- _Data extract_:
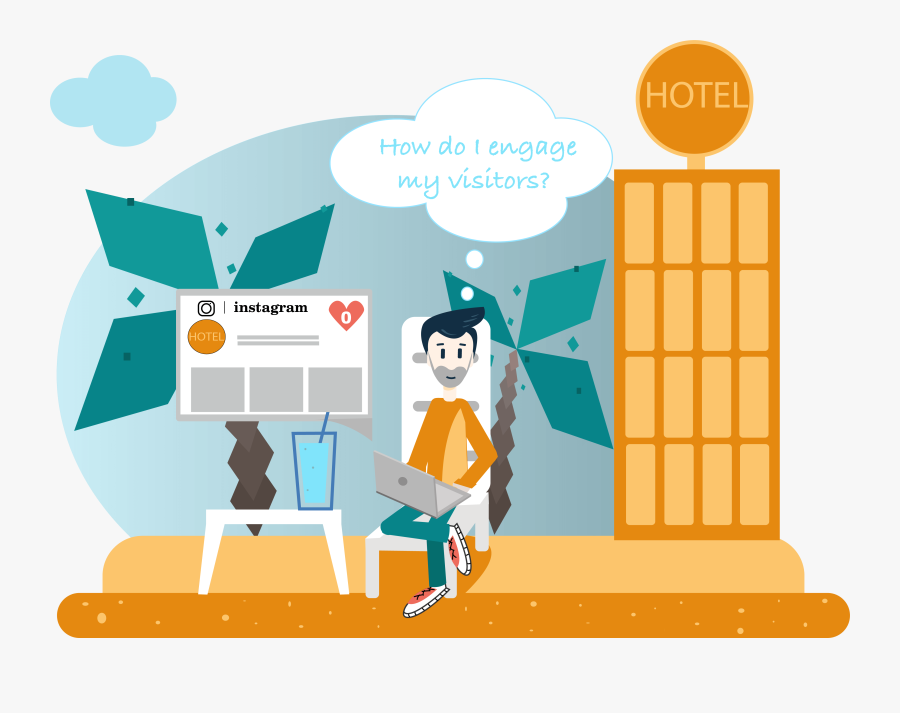 Social Media Marketing For Hotels - Cartoon, Transparent Clipart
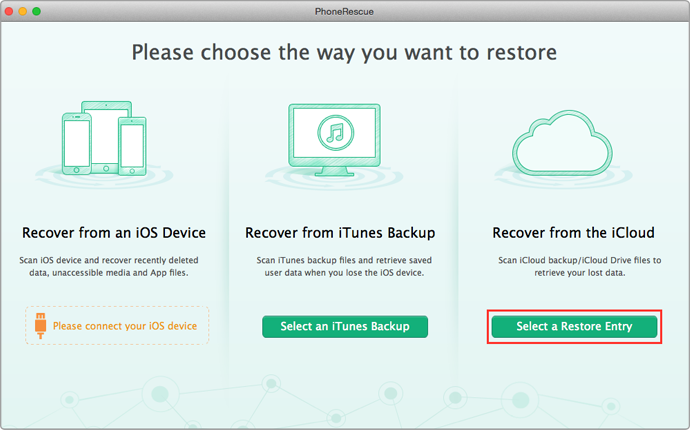 How to View Photos in iCloud with PhoneRescue – Step 1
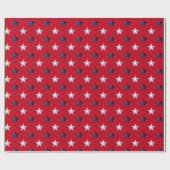 Star Spangled White Blue Red Big Stars Americana Cadeaupapier (Vlak)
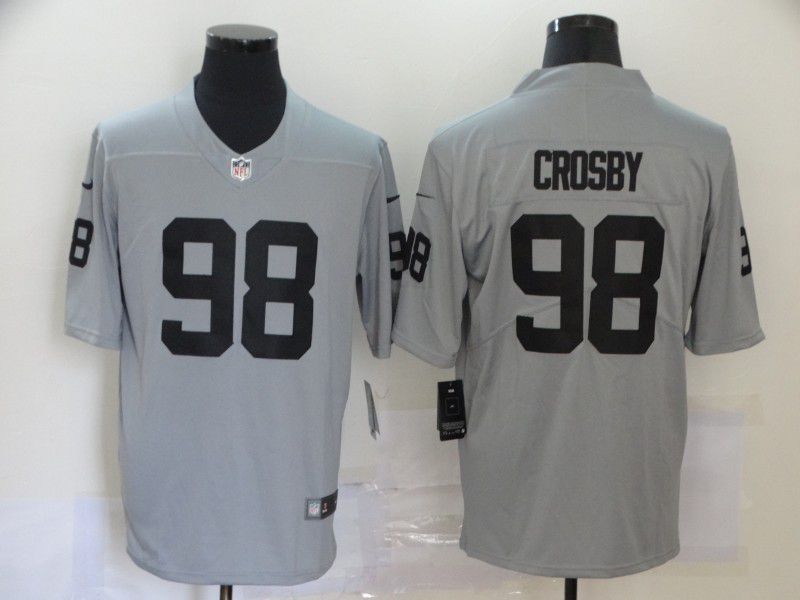 Men Oakland Raiders #98 Crosby Grey 2020 Vapor Untouchable Playe Nike NFL Jersey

- _Try it_:
Copy the entire listing exactly but skip the pictures.

- _Task answer_:
 Social Media Marketing For Hotels - Cartoon, Transparent Clipart
 How to View Photos in iCloud with PhoneRescue – Step 1
 Star Spangled White Blue Red Big Stars Americana Cadeaupapier (Vlak)
 Men Oakland Raiders #98 Crosby Grey 2020 Vapor Untouchable Playe Nike NFL Jersey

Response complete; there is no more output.